## Hahn-Banach theorem

I’m pleased to say that I find the derivation of the Hahn-Banach theorem pretty straightforward by now. Let me first state it, for the real case.

Hahn-Banach theorem: Let $V$ be a real vector space. Let $p: V \to \mathbb{R}$ be sublinear. If $f : U \to \mathbb{R}$ be a linear functional on the subspace $U \subset V$ with $f(x) \leq p(x)$ for $x \in U$, then there exists a linear extension of $f$ to all of $V$ (call it $g$) such that $f(x) \leq g(x)$ for $x \in V$ with $f(x) = g(x)$ for $x \in U$ and $g(x) \leq p(x)$ for all $x \in V$.

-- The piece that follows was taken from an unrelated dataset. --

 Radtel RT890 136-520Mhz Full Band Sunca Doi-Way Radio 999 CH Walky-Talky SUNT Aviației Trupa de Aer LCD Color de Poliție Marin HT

To show this, start by taking any $x_0 \in V \setminus U$. We wish to assign some $\alpha$ to $x_0$ that keeps $p$ as the dominating function in the vector space $U + \mathbb{R}x_0$. For this to happen, applying the linearity of $f$ and the domination constraint, we can derive

$\frac{f(y) - p(y - \lambda x_0)}{\lambda} \leq \alpha \leq \frac{p(y+\lambda x_0) - f(y)}{\lambda}, \quad y \in U, \lambda > 0$.

This reduces to

$\sup_{y \in U} p(y+x_0) - f(y) \leq \inf_{y \in U} f(y) - p(y-x_0)$.

Such can be proven via

$f(y_1) + f(y_2) = f(y_1 + y_2) \leq p(y_1 + y_2) \leq p(y_1 - x_0) +p(y_2 + x_0), \quad y_1, y_2 \in U$.

Now take the space of linear functionals defined on some specific subspace dominated by $p$. Denote an element of it as $(f, U)$. We introduce a partial order wherein $(f, U) \leq (f', U')$ iff $f(x) = f'(x)$ for $x \in U$ and $U \subset U'$. We can apply Zorn’s lemma on this, as we can take the union to derive an upper bound for any chain. Any maximal element is necessarily $(g, V)$ as if the domain is not the entire vector space, we can by above construct a larger element.